Excerpted records:
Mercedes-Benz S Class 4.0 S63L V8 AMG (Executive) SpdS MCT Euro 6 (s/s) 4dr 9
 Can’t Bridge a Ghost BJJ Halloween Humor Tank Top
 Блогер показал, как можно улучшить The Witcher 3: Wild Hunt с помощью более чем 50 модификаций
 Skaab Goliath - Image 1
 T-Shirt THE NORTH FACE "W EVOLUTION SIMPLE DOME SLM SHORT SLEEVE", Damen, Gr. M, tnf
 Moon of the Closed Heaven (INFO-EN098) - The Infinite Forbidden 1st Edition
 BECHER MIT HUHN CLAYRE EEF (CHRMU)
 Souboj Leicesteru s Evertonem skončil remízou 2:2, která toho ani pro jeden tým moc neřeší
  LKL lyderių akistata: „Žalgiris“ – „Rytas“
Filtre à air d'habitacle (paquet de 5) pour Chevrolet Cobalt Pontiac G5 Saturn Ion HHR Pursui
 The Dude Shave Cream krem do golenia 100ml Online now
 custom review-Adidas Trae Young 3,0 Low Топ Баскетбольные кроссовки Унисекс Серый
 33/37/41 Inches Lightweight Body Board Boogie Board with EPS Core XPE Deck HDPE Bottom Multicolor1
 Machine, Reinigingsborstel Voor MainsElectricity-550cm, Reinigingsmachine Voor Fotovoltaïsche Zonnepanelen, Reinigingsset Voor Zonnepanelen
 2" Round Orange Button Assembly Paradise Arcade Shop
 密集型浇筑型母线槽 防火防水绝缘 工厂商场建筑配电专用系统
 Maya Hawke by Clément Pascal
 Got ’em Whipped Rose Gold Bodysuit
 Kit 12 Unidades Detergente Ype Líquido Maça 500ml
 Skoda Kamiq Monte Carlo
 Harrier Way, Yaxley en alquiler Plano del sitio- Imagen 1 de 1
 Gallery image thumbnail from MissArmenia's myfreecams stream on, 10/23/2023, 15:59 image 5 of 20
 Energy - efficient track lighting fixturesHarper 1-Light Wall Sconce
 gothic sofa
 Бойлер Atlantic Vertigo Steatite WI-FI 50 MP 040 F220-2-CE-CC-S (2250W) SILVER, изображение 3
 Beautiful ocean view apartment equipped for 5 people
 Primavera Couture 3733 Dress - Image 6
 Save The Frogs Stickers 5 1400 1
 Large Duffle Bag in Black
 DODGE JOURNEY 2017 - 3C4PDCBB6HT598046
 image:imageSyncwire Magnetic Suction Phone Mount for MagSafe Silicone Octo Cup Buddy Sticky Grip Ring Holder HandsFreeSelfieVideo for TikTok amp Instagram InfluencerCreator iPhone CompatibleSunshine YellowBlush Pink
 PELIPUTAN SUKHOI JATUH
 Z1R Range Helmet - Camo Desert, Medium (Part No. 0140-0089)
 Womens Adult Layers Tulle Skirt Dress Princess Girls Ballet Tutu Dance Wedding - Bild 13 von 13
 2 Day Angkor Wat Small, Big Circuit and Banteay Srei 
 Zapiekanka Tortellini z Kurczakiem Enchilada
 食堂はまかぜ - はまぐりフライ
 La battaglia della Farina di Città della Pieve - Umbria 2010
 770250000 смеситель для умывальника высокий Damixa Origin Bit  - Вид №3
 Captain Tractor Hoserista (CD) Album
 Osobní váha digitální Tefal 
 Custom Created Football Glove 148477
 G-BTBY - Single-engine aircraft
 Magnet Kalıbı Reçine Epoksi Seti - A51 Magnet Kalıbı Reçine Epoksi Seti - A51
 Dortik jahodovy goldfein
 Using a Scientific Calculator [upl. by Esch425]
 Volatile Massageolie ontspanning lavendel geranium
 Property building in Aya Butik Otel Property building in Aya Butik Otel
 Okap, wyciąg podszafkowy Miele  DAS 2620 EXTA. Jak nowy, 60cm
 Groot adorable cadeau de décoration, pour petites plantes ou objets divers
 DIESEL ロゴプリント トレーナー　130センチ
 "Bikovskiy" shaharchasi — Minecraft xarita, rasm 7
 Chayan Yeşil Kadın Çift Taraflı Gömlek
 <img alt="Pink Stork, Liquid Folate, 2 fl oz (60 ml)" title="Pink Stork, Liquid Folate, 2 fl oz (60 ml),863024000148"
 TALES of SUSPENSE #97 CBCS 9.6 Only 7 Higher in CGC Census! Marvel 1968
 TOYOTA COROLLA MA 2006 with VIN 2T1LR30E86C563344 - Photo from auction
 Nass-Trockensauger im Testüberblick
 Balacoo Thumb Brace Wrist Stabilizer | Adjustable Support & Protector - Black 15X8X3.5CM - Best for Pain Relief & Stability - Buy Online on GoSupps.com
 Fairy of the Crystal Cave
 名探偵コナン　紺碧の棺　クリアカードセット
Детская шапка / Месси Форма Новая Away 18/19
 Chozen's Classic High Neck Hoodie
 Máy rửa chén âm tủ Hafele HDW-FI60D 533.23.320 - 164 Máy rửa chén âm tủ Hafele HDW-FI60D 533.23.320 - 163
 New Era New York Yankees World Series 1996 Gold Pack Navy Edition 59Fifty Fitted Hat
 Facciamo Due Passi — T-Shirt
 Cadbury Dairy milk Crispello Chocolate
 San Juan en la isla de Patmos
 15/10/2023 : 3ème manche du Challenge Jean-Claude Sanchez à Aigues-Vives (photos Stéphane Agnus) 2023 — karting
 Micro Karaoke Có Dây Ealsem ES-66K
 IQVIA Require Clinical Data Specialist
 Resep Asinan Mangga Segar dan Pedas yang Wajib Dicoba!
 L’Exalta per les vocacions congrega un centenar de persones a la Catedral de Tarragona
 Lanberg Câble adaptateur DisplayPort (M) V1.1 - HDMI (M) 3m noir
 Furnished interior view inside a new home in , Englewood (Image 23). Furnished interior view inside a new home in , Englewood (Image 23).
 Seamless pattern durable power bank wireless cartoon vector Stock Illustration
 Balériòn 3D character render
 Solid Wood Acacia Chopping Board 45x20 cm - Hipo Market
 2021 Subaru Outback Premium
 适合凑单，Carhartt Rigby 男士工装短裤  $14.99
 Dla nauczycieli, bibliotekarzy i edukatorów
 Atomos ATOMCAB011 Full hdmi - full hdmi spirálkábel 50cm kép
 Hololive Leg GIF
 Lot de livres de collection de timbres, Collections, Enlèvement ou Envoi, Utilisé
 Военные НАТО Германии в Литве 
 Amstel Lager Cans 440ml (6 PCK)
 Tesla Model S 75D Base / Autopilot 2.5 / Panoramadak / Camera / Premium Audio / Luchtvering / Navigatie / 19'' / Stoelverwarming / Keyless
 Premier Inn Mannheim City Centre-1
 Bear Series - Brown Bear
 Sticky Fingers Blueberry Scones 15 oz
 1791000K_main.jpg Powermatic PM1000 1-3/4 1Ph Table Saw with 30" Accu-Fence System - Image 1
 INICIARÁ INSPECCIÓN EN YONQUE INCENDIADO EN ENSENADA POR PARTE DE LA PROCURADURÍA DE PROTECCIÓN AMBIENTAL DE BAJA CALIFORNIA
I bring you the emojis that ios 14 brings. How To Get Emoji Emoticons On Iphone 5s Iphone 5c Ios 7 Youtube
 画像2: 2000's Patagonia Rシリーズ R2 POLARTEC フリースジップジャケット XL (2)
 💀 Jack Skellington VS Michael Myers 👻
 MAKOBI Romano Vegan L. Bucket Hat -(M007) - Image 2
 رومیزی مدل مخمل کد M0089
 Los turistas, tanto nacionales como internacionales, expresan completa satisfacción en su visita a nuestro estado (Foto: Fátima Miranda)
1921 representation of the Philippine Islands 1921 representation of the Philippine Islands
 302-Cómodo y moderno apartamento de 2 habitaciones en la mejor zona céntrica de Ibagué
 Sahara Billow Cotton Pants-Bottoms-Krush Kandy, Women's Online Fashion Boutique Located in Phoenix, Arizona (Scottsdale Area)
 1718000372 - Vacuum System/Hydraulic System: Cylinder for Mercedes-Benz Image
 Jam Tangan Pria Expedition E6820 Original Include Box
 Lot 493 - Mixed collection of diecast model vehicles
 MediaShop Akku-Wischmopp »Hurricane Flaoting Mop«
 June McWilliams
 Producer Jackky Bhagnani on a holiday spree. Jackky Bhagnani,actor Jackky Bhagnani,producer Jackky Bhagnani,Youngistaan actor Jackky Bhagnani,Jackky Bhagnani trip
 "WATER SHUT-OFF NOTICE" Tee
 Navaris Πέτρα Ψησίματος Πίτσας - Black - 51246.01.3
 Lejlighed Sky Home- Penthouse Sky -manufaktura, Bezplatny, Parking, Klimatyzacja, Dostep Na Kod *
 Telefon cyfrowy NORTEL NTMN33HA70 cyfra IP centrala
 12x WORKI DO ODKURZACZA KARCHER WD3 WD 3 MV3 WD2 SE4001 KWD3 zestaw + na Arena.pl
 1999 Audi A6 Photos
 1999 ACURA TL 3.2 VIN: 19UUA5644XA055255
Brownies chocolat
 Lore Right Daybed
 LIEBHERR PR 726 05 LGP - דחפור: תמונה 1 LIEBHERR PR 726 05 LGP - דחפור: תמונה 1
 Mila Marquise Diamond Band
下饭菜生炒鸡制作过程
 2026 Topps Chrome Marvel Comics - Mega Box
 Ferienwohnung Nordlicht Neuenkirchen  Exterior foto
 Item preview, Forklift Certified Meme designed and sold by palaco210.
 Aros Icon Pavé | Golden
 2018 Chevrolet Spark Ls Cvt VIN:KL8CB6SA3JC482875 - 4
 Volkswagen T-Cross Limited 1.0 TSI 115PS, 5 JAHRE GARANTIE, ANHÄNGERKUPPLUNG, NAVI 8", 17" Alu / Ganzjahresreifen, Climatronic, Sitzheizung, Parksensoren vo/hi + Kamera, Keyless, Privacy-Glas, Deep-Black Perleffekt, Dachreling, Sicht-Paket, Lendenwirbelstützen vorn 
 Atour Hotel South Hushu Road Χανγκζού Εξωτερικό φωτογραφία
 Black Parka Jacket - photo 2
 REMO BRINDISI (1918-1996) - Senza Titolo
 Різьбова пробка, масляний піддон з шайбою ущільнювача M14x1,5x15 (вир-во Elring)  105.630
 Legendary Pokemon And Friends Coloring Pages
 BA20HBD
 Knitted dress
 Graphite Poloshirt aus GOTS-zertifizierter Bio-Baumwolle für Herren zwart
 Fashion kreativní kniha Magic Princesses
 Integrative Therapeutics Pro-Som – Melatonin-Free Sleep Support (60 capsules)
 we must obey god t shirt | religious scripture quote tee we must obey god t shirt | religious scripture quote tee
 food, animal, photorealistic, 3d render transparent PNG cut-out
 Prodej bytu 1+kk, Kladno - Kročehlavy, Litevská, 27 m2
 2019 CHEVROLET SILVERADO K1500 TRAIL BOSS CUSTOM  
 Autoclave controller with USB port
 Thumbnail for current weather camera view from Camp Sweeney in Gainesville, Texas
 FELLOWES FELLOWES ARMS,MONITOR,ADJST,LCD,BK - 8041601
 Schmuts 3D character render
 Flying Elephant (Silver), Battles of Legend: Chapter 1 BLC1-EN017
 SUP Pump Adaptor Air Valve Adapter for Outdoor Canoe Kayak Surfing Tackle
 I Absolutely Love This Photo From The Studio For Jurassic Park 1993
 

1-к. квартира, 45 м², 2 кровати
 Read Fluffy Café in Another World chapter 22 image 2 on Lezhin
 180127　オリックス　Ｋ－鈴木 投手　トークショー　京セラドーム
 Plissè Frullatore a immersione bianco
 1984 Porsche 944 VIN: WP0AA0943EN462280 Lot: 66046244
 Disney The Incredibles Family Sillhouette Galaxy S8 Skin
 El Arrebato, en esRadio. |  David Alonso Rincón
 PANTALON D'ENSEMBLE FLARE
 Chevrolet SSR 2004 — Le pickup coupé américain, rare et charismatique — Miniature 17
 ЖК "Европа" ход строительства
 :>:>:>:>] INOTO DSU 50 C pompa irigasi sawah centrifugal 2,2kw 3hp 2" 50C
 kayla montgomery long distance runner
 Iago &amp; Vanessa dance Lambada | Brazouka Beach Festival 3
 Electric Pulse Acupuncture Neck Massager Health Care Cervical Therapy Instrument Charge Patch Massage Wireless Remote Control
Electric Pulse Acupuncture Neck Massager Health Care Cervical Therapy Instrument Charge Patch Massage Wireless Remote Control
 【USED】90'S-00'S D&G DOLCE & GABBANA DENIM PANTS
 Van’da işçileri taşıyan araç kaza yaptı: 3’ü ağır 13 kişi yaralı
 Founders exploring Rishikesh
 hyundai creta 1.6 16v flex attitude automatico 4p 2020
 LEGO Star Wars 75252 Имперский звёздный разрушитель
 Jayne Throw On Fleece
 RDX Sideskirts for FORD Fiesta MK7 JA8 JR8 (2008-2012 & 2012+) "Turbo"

The task: Your reply should be a single number: how many lines in the listing above include the string "Acupuncture".

Answer for the task: 2